Porto, 31 Ago (Lusa) - O Governo chegou hoje a acordo com o BCP, CGD e BPI relativamente à reestruturação do passivo da Maconde, num entendimento que será formalizado durante a próxima semana, disse à Lusa fonte da têxtil de Vila do Conde.
Segundo o presidente da assembleia-geral da Maconde, António Leite Tavares, a notícia chegou à empresa via telefone, com o secretário de Estado da Indústria e Inovação, Castro Guerra, a comunicar aos administradores da empresa o resultado da reunião que manteve hoje com a banca.
De acordo com António Leite Tavares, o acordo conseguido levará ao desaparecimento do actual passivo da empresa (32 milhões de euros), com recurso à figura jurídica da "dação em cumprimento", que prevê a entrega de bens imóveis para pagar a dívida da empresa.
A administração da Maconde reiterou por isso a sua confiança no sucesso das negociações do Governo com a banca, iniciadas em Março, para resolver o estrangulamento financeiro que afecta a empresa, afastando qualquer cenário que conduza ao encerramento daquela unidade.
Segundo Leite Tavares, a Maconde está a trabalhar "bem" e até tem laborado ao sábado, com bastantes encomendas, e tem os salários dos seus 583 trabalhadores (dos quais 412 são mulheres) em dia.
"Não há falta de trabalho", assegurou à Lusa.
A empresa, que nasceu do investimento de um grupo estrangeiro em Vila do Conde, em 1969, chegou a empregar mais de 2.000 trabalhadores, em cinco fábricas, mas em 2002 começou a encerrar unidades, as últimas das quais no ano passado, em Braga e na Póvoa do Varzim.
A única unidade restante do grupo, de Vila do Conde, ainda é a maior fábrica têxtil da região.
Em 2006, no âmbito de um plano de reestruturação liderado pelo então presidente do grupo Mário Pais de Sousa (ex-Vulcano) a Maconde decidiu alienar as lojas Macmoda, Tribo e Zona Franca a três insígnias do grupo Sonae.
Depois da saída de Pais de Sousa em Março deste ano, a empresa tem contado com a colaboração da gestora Maria Cândida Morais (ex-Jornal de Notícias) na elaboração de um novo plano de reestruturação, o qual se aguarda agora ser aprovado pela banca.
A Lusa tentou ouvir o secretário de Estado sobre esta questão, mas tal não foi possível até ao momento.
ICO.
Lusa/Fim

3 comentários:

Mamar aqui disse...

Quem os viu e quem os vê.

Anónimo disse...

Claro que toda a gente tem pena doque se passa na Maconde.
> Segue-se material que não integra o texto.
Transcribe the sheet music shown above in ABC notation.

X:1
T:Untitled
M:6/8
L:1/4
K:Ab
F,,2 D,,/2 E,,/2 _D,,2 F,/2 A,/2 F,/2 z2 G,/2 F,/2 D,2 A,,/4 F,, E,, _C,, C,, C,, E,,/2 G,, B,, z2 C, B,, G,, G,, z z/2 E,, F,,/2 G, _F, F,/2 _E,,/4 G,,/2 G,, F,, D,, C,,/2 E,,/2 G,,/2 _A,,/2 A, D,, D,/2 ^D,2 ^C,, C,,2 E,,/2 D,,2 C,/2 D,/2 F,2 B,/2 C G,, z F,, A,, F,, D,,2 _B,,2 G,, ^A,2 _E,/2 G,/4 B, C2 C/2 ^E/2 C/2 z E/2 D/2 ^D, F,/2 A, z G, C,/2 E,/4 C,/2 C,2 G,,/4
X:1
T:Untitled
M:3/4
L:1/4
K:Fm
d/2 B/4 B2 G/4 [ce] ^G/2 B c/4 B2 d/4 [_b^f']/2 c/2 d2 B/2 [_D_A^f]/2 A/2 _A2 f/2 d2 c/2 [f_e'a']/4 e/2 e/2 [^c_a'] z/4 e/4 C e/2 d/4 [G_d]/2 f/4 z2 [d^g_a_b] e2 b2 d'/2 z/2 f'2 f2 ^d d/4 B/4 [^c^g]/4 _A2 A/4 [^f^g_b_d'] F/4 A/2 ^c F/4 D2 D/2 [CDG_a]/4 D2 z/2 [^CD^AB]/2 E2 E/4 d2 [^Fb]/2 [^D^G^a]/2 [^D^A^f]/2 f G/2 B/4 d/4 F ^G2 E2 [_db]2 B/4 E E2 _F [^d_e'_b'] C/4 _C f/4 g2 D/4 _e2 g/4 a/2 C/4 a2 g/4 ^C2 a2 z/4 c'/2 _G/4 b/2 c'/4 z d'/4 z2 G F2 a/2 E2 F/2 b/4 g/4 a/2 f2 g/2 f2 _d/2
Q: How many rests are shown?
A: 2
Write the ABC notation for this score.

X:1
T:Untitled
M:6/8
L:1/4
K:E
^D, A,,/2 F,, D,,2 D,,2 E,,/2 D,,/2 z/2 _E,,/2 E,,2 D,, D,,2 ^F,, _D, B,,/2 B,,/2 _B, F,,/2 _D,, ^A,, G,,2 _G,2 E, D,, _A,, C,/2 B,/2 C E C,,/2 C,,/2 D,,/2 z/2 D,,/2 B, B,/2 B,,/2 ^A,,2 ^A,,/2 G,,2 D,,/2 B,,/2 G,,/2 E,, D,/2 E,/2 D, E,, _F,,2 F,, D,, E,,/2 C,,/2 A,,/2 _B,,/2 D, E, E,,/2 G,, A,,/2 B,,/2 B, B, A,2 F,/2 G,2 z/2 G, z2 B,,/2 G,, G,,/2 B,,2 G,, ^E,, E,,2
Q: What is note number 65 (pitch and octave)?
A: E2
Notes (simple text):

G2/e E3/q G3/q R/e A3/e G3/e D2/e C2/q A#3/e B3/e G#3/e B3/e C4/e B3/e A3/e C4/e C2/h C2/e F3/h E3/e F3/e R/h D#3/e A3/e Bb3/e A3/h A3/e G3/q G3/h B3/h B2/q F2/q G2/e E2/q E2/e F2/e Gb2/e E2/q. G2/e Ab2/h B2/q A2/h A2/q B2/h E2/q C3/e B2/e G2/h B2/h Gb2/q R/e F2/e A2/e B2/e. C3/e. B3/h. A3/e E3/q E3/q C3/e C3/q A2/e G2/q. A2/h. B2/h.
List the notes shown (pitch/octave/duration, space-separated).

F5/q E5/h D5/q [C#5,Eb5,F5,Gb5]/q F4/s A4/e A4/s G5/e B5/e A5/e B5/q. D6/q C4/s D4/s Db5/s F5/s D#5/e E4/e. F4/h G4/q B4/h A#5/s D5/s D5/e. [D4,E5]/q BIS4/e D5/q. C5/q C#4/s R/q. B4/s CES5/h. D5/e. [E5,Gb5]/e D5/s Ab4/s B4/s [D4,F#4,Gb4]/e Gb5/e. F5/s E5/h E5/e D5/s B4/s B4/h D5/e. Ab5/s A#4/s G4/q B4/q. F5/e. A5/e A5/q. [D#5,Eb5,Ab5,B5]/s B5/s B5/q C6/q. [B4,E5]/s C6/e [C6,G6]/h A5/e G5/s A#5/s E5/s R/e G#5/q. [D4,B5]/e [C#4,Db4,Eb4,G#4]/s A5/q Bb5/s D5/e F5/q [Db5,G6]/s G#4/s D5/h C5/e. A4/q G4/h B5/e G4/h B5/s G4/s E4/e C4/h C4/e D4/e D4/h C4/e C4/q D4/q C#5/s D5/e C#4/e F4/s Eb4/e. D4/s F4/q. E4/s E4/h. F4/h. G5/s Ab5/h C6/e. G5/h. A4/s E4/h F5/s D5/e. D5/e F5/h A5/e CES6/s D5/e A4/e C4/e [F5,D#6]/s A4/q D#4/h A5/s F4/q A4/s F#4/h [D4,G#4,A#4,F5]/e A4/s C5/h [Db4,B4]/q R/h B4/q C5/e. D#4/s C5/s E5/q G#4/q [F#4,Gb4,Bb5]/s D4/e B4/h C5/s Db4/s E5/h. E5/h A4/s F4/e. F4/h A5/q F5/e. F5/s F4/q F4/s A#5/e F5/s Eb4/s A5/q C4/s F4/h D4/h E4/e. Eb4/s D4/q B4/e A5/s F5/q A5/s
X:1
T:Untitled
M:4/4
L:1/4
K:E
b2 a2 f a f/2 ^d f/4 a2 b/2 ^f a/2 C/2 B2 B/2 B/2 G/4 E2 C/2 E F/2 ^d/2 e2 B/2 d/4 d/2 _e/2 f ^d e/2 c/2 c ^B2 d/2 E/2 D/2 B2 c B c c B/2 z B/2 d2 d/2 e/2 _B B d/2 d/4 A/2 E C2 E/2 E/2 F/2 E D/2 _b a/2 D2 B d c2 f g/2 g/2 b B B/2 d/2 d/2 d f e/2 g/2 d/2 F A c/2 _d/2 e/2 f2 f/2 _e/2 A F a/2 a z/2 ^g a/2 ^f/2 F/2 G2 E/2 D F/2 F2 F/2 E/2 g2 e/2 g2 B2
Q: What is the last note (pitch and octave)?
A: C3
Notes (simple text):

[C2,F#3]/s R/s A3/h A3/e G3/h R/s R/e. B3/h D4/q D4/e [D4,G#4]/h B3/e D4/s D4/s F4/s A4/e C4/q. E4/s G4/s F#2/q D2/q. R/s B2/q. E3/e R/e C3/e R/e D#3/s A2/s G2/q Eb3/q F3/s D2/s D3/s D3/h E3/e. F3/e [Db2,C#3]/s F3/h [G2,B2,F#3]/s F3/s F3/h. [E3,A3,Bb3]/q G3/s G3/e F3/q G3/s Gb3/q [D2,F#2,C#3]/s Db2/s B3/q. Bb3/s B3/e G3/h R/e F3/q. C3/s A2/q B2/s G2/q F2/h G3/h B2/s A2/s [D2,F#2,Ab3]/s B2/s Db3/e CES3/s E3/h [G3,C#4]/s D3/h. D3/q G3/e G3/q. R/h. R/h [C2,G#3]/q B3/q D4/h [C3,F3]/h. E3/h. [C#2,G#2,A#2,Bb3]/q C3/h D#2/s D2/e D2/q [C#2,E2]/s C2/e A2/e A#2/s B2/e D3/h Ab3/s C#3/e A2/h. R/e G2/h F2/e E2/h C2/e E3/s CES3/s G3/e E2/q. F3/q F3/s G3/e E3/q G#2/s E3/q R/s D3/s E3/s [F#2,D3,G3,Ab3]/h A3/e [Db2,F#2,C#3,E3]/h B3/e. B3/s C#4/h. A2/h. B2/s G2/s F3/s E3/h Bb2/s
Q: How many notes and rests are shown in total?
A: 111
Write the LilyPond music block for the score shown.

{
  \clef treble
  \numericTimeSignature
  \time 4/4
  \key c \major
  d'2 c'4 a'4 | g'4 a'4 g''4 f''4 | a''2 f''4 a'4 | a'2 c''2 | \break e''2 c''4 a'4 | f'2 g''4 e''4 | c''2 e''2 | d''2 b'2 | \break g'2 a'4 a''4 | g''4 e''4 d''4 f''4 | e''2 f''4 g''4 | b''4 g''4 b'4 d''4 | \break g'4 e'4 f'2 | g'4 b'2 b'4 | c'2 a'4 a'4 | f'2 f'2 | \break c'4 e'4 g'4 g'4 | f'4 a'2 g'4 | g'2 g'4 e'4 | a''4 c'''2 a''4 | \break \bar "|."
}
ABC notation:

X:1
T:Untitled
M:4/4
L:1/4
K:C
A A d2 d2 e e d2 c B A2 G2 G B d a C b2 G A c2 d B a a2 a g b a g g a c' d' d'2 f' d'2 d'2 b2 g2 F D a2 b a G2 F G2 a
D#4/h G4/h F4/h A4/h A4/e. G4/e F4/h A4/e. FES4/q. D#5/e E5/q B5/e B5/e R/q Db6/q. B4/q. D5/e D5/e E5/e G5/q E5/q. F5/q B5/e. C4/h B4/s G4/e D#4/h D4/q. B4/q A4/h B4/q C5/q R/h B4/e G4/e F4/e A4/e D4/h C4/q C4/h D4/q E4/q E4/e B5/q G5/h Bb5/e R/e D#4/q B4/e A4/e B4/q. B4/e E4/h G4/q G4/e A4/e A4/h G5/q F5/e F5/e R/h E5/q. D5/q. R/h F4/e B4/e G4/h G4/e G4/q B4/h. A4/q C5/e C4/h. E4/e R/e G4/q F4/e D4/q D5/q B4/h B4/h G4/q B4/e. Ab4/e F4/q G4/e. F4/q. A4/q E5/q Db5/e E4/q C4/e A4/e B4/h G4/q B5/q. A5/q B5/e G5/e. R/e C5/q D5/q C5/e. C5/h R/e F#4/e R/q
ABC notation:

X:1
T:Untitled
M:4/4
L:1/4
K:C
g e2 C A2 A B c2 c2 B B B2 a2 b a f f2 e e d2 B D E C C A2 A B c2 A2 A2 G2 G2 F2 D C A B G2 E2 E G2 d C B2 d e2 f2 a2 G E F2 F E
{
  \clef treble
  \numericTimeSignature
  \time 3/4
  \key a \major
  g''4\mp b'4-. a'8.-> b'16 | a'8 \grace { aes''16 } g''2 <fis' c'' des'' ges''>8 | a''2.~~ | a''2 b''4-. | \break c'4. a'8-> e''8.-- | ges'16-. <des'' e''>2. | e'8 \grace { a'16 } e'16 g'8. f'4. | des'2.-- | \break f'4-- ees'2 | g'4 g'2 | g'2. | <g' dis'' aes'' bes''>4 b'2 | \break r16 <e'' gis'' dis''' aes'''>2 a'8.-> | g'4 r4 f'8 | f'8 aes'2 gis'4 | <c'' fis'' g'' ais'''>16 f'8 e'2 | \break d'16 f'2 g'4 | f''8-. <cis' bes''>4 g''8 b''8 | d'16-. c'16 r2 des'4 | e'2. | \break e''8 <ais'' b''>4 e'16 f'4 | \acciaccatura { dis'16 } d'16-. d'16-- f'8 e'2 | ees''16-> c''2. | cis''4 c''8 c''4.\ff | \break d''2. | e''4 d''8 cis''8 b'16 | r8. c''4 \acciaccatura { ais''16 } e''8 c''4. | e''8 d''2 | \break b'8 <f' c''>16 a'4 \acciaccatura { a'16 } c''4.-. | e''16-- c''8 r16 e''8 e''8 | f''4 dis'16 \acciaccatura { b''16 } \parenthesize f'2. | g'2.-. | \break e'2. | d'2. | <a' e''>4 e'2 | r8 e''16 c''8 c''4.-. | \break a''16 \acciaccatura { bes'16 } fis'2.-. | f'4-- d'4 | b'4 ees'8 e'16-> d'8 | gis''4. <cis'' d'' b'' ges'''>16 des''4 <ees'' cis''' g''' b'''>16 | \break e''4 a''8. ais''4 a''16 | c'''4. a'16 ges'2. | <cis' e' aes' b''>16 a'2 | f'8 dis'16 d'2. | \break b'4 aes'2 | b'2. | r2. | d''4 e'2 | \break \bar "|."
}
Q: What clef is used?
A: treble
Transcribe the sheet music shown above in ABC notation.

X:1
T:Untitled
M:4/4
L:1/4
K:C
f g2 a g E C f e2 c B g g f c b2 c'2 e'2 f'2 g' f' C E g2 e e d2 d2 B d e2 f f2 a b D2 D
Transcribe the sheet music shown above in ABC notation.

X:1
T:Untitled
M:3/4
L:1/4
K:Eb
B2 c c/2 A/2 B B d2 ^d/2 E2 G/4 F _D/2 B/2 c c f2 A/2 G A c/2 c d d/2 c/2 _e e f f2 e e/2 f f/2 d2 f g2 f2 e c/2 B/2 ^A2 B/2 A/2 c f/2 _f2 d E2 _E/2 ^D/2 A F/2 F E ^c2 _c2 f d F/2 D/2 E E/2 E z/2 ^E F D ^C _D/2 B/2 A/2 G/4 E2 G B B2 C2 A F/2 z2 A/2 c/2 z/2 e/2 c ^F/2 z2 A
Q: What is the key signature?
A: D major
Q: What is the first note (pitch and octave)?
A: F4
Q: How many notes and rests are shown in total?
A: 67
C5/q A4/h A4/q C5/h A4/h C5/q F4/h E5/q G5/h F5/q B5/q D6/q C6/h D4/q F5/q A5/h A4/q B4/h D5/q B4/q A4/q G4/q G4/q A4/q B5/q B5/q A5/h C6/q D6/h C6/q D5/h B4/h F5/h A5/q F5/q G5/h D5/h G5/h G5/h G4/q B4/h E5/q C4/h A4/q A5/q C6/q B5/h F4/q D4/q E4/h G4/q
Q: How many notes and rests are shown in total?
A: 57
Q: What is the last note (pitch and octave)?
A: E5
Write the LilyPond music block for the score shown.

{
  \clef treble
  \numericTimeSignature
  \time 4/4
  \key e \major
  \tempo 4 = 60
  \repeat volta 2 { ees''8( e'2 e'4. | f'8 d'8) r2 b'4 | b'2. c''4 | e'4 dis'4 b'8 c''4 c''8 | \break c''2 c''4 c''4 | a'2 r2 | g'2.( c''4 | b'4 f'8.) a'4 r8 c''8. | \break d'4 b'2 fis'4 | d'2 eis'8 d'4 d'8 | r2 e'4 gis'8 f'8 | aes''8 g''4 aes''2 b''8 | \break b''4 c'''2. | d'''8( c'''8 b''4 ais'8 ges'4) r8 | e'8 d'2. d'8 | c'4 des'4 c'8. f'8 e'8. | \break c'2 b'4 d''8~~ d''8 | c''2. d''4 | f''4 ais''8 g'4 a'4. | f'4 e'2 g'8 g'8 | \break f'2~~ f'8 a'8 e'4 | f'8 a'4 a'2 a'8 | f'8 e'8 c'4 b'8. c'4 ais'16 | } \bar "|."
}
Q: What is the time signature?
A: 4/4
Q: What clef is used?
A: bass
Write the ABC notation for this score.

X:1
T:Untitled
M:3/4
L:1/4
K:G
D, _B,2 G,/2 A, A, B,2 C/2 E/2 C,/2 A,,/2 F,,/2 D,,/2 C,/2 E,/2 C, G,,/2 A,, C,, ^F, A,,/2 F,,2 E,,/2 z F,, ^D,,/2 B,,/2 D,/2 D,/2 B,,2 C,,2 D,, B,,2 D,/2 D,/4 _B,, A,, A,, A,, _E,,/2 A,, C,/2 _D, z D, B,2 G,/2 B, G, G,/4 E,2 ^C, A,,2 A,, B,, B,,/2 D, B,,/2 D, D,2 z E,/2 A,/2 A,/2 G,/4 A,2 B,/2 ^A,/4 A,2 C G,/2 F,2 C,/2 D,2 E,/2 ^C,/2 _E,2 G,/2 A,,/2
Do pessoal que lá tem emprego. Só nunca ninguém disse, não sei porquê, é que quando a Administração pediu para o pessoal fazer um esforço, durante o mês de Agosto, para poder cumprir uma encomenda, arranjada a custo, e que tinha caído céu, para poder cumprir o pessoal teria de não fazer férias em Agosto,a maioria desse pessoal disse que não. Coitados, se fechar, lá está o Subsidio de Desemprego, pago por todos nõs, para sustentar quem não quer trabalhar.

marenostrumforever disse...

Ainda bem que se resolveu a situação. Oxalá perdure este estado de graça...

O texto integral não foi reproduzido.